After network connectivity was lost for a couple of hours, the Telegram gateway stopped reconnecting and never recovered on its own. Restarting the gateway was required to restore connectivity.

Reproduction

Start the gateway with Telegram configured and connected.
Simulate a prolonged infrastructure outage, for example by disabling networking or causing repeated DNS failures for a few hours.
Wait for the reconnect loop to exhaust repeated retryable failures.
Restore network connectivity.

Expected Behavior

The gateway should keep retrying retryable reconnect failures with backoff until connectivity returns or the adapter reports a non-retryable error.

Actual Behavior

The reconnect watcher gives up after repeated retryable failures, so the Telegram adapter remains disconnected permanently until the gateway is restarted.

Notes

This appears to affect transient infrastructure failures such as DNS resolution problems.
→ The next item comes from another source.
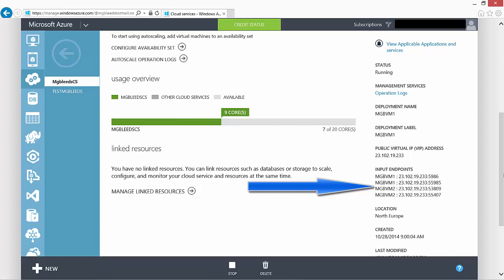So I've got two virtual machines running at the minute, MGB-VM1 and MGB-VM2, and for each virtual machine I have both RDP and PowerShell endpoints.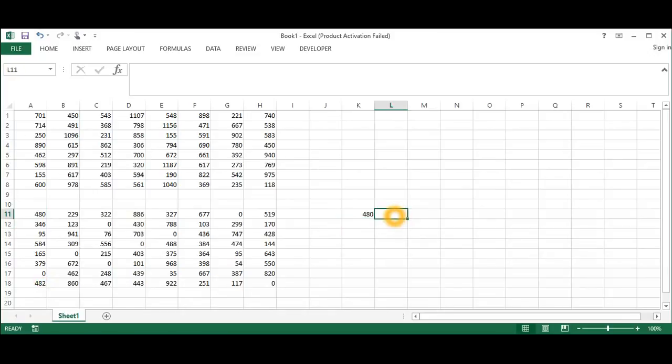The second one is equal to 229 minus the smallest number here, so I'm going to say 0.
The failure should remain queued for reconnect instead of being dropped after a fixed attempt limit.

TL;DR

The Telegram gateway can be fixed by modifying the reconnect logic to continue retrying after a prolonged infrastructure outage.

Guidance

Review the reconnect watcher's implementation to identify why it gives up after repeated retryable failures, potentially due to a fixed attempt limit.
Consider implementing an exponential backoff strategy for reconnect attempts to prevent overwhelming the system during prolonged outages.
Investigate the possibility of adding a queue or buffer to store reconnect attempts, allowing the gateway to retry failed connections when connectivity is restored.
Verify that the Telegram adapter correctly reports non-retryable errors to prevent infinite reconnect loops.

Example

No code snippet is provided due to the lack of specific implementation details in the issue.

Notes

The solution may require modifications to the gateway's reconnect logic and potentially the Telegram adapter's error reporting mechanism. The exact changes will depend on the specific implementation and requirements of the system.

Recommendation

Apply a workaround by modifying the reconnect logic to continue retrying after a prolonged infrastructure outage, as this appears to be the root cause of the issue. This will allow the gateway to recover from transient infrastructure failures without requiring a restart.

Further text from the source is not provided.